AFAIK there is a problem with getting the babies to grow past 2 weeks old !!!


----------



## arc

Yeah, I was hoping the people who were part of that had some insight on them. They are not available in Canada as far as I can tell and importing them from the states is an issue now since its so cold now.


----------



## Alexpatrascu

Well if you go/come by car I don't think it would be such a big problem.


----------



## arc

I wish I could do that but customs will be asking some questions on the way back.

edit: I just read the part about having to someone drive over and drive it back. Wow you guys really wanted those crabs, the shipping cost plus more gas/time for someone to bring them back most have been high.

I'll keep looking into them and maybe a LFS will have them on their shipping lists.


----------



## mrobson

all mine died fairly quickly, on the brighter side it helped convince me that i do need a SW tank


----------



## arc

http://gtaaquaria.com/forum/showthread.php?t=31913

Looks like PJpets at Square one is stocking them now, great price as well! 3 for $8. There is a bit of bad news though, It seem to date no one has been able to breed them in captivity.

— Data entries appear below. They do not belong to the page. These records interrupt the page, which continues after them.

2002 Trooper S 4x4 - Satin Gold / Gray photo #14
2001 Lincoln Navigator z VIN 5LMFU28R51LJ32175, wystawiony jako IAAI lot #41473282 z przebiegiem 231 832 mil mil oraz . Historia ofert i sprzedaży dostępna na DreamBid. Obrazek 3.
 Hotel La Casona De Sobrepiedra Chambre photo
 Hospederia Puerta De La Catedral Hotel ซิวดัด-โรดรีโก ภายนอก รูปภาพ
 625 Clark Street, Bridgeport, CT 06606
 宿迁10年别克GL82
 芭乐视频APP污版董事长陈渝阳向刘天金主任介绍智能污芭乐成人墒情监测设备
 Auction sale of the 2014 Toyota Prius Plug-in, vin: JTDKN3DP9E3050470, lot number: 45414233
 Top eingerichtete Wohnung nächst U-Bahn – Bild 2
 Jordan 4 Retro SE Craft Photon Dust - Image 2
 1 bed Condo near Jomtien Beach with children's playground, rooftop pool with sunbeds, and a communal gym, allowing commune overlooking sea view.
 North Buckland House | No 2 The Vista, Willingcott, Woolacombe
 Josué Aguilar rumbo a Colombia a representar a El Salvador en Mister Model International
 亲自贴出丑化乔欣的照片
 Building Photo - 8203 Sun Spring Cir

Still worth a try though.


----------



## joe

so these are available at pjs pets in sq one?

how hard are they to keep and
max size? are they okay with shrimp? any land needed?


----------



## arc

Call them to see if they have any left.

http://www.plantedtank.net/forums/shrimp-other-invertebrates/164548-thai-microcrabs.html

not much local info though, the few people that did get them a while back had troubles with them.


----------



## mrobson

i got some a while back an they all died in my cherry tank maybe someone who raises higher grade shrimp might have better luck.


----------



## joe

so you kept them with your shrimp?

did they every try going for one of your shrimp? how slow are they

im thinkin of getting some..


----------



## laurahmm

I have 6 of them in my CRS . You do not have to worry about them at all. They are very small and very slow and very shy. Not aggressive at all. They ignore each other completely. I'm thinking that they seem to be filter feeders like vampire shrimp. I have yet to see them grab any kind of food. They just stay in one spot and wave their arms and legs around then bring it to their mouths. I've been dosing baby CRS food into my tank every other day in hopes this is sufficent food for them. Hopefully they survive! Let me know if anyone else has seen them eat and if so what? I Was told they eat flake food but when I throw it in...they just ignore it....oh and in answer to your question...they dint need land...but based on what I've observed...I think they need a well established tank to feed off microorganisms in the water column? Just a guess though...


----------



## Will

If they are as you say, filter feeders, like fan shrimp (vampire, armoured, wood/bamboo) then you may have to powder some food into water, and use a pipette to slowly target feed them, or distribute the food into the flow or at them. This works best if you turn the filtration off, but still have gentle circulation flow within the tank.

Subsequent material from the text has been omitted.